WORK TO BE COMPLETED ::
Within the lines below, the span from the line with "Dillon & Telefon" to the line with "B: där 29. håller", both ends included, is to be reproduced exactly, with pictures omitted.

━━━ GIVEN DATA

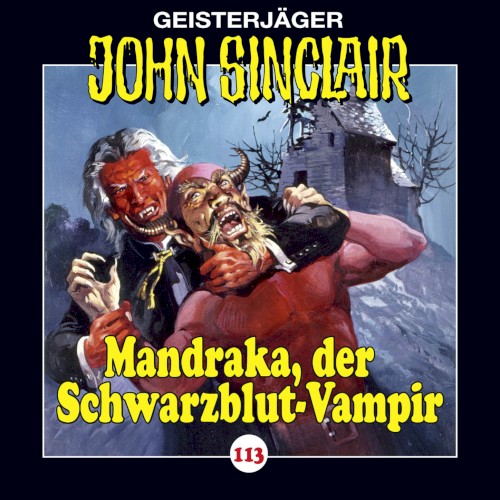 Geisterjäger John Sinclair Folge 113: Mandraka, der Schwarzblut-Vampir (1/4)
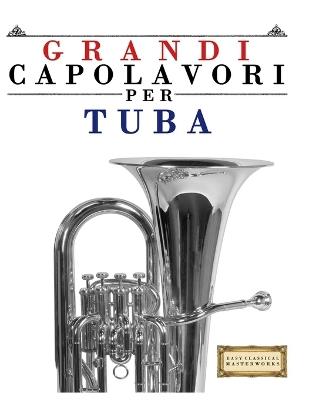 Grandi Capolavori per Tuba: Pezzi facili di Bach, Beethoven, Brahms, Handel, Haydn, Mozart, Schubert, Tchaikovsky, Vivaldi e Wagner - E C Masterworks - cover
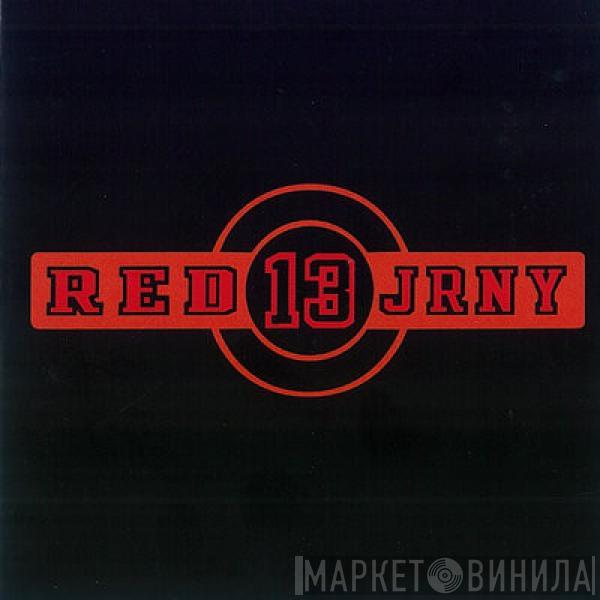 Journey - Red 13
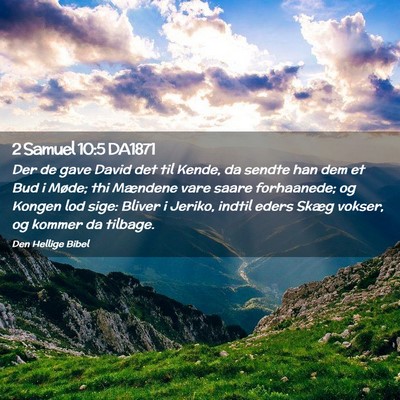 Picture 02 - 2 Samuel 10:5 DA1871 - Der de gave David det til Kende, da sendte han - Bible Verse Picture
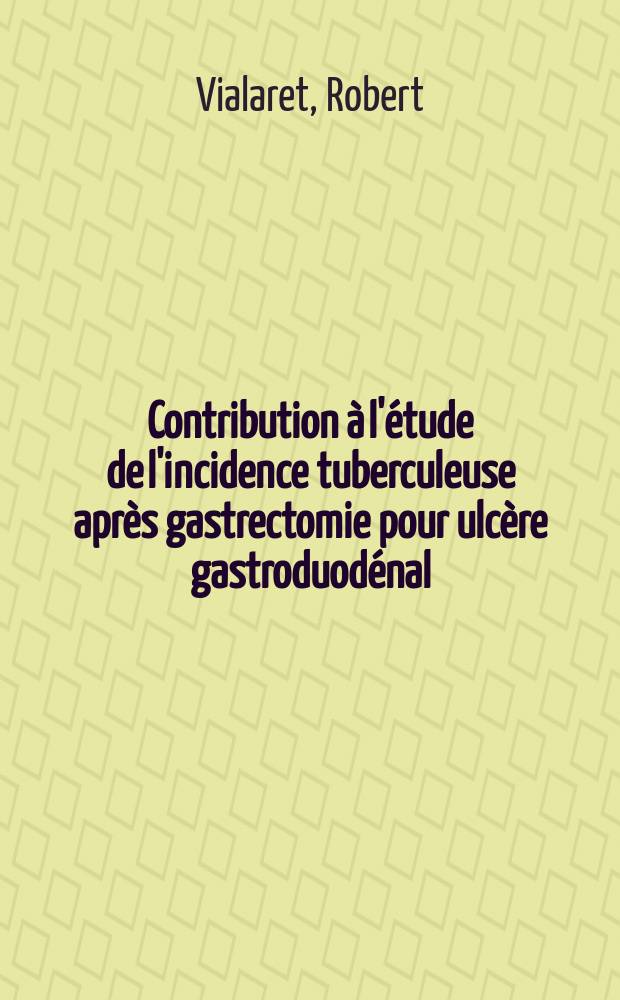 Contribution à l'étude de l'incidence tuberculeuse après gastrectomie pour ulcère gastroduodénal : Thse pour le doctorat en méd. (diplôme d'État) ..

━━━━━━
━━━ GIVEN DATA

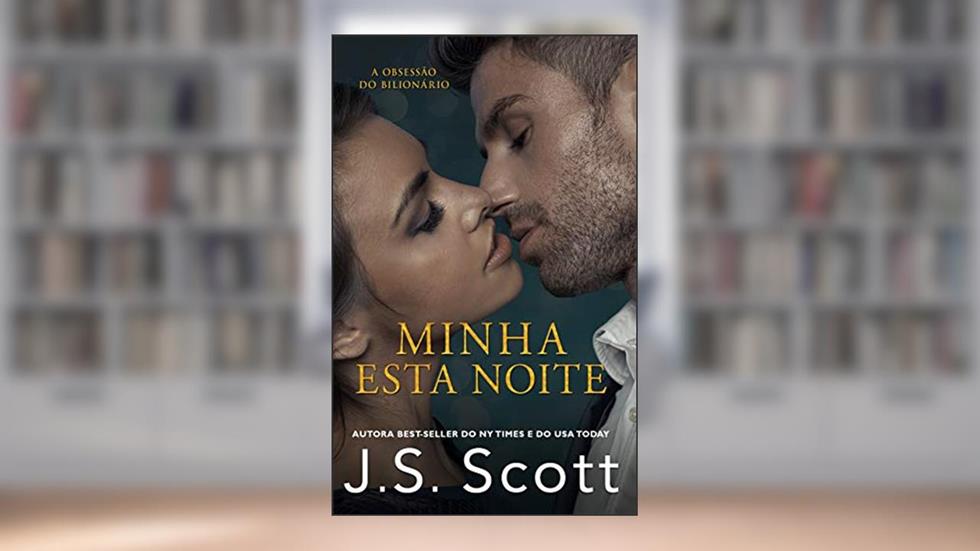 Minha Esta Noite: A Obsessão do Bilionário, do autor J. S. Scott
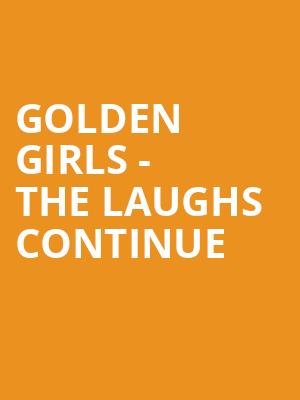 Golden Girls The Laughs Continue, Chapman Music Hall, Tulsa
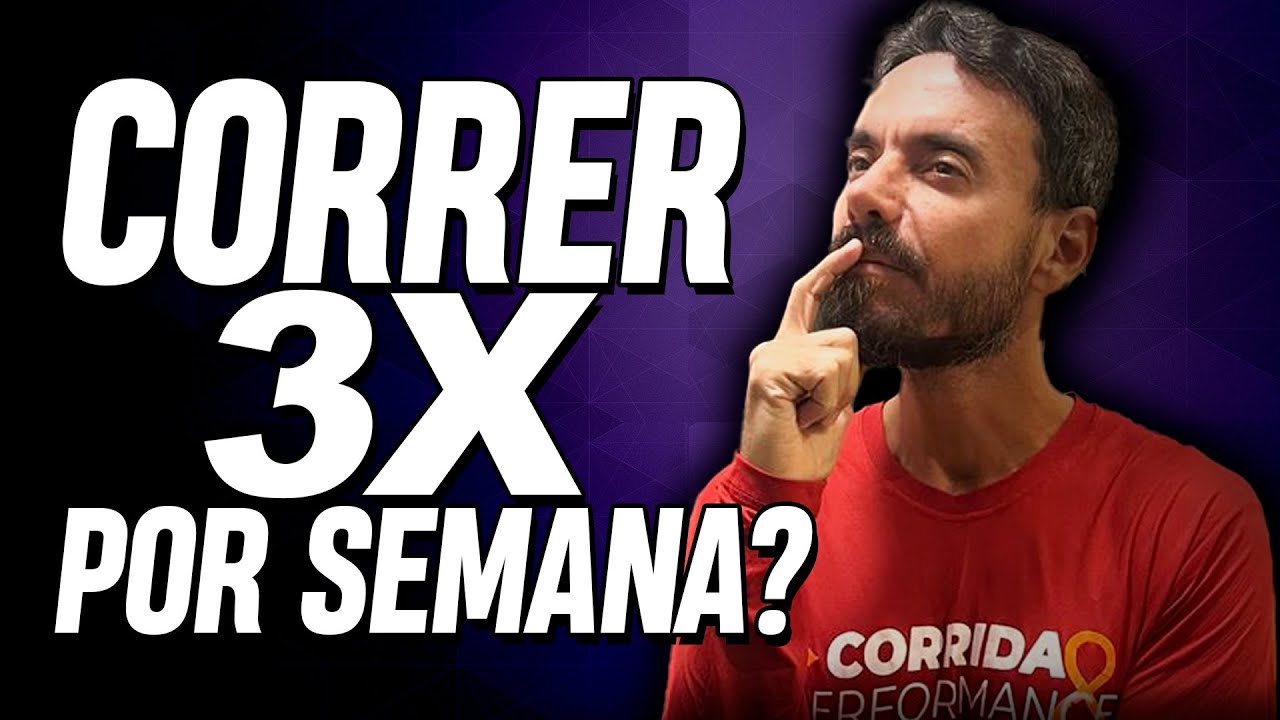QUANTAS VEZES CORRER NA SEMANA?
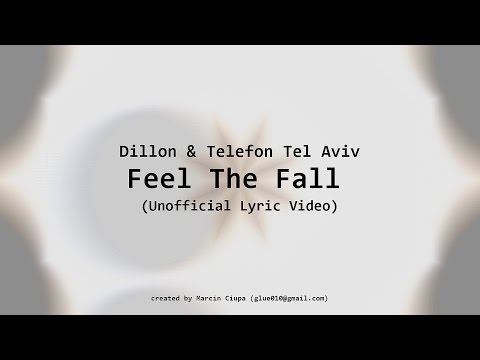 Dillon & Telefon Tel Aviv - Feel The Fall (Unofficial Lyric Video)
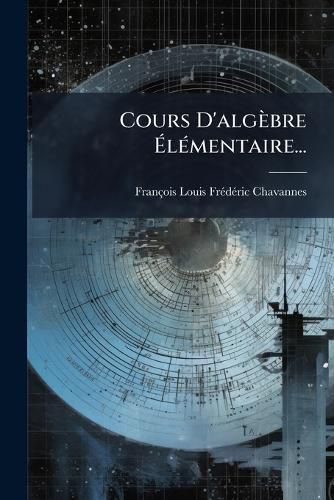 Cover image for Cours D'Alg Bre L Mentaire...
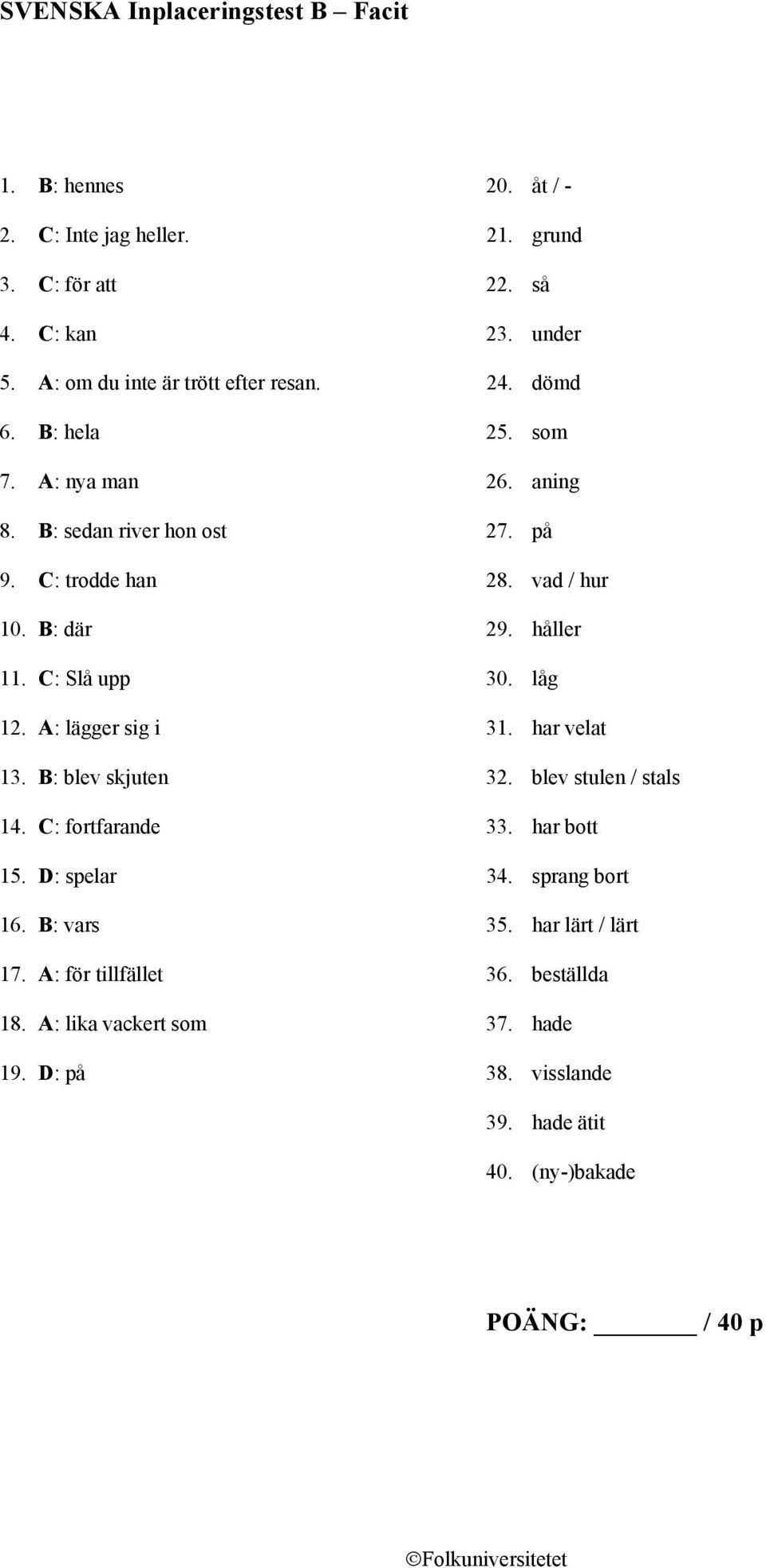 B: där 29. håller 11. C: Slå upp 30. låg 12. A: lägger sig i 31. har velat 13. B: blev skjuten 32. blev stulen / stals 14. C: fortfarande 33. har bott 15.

━━━━━━
━━━ GIVEN DATA

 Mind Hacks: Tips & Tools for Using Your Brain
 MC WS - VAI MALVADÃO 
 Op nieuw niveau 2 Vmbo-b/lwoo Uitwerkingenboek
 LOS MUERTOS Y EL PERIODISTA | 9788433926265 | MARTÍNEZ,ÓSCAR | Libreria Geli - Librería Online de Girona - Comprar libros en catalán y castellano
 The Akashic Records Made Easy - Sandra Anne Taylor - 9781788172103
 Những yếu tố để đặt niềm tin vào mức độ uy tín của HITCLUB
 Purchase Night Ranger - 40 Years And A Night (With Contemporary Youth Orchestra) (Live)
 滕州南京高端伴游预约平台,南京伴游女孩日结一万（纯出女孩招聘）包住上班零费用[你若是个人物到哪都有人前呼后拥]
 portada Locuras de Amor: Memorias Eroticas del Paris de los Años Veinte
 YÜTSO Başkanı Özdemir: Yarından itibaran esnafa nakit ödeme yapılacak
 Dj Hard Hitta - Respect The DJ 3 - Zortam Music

━━━━━━

SOLUTION FOR THIS TASK ::
 Dillon & Telefon Tel Aviv - Feel The Fall (Unofficial Lyric Video)
 Cover image for Cours D'Alg Bre L Mentaire...
 B: där 29. håller 11. C: Slå upp 30. låg 12. A: lägger sig i 31. har velat 13. B: blev skjuten 32. blev stulen / stals 14. C: fortfarande 33. har bott 15.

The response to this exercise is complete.